The notice first specifies the further reduction of housing purchase restrictions. It includes shortening the required years of social security or personal income tax payments for non-Shanghai residents purchasing homes within the outer ring road. It also allows eligible non-Shanghai residents to purchase an additional home within the outer ring road and residents with a valid “Shanghai Residence Permit” to buy homes in the city.

Under the new regulations, non-Shanghai resident families or single adults who have paid social insurance or personal income tax continuously for at least one year in Shanghai before purchasing a home can buy an unlimited number of homes outside the outer ring road, with a restriction of one home within the outer ring road. Those who have paid social insurance or personal income tax continuously for three years or more are limited to two homes within the outer ring road. Those holding a “Shanghai Residence Permit” for five years or more are restricted to purchasing one home within the entire city.

Additionally, the notice introduces the optimization of the housing provident fund policy. It raises the maximum loan amount available through the provident fund and expands the support range for families with multiple children purchasing homes.

The scope of housing provident fund loan support has been expanded from buying the first home to purchasing the second home. For families with multiple children buying a second home, the maximum loan amount is increased by 20% based on the city’s maximum loan amount.

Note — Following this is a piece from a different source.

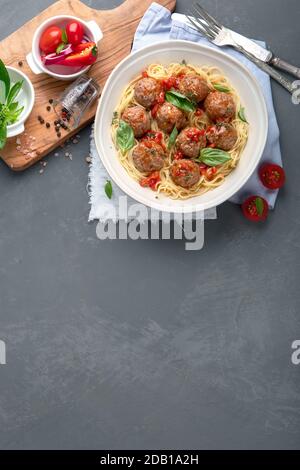 Fleischbällchen mit Tomatensauce und Spaghetti. Authentisches italienisches Rezept. Draufsicht, Kopierbereich Stockfoto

Effective from January 1, 2026, the notice states that adult children in Shanghai household registration families who purchase a home that serves as the only residence for the adult child will be temporarily exempt from individual residential property taxes.

In cases where there are changes in the housing situation of the purchasing family that meet the aforementioned conditions, they can apply to the tax authority where the taxable residence is located to re-establish personal residential property tax filing information and assessment. Starting the following month after the reassessment by the tax authority, adjustments will be made to tax payments, and any excess payments made after January 1, 2026, will be refunded.

The introduction of the new policies by Shanghai officials has triggered a new round of discussions.

A post by the finance commentator “靜觀Finance” indicated that the adjustments under Shanghai’s new policies continue the trend of “partitioned areas and segmented populations,” representing a non-revolutionary adjustment within existing frameworks with limited relaxation. From a national real estate perspective, the impact of the Shanghai policies is primarily local and may not significantly influence the overall market trend nationwide.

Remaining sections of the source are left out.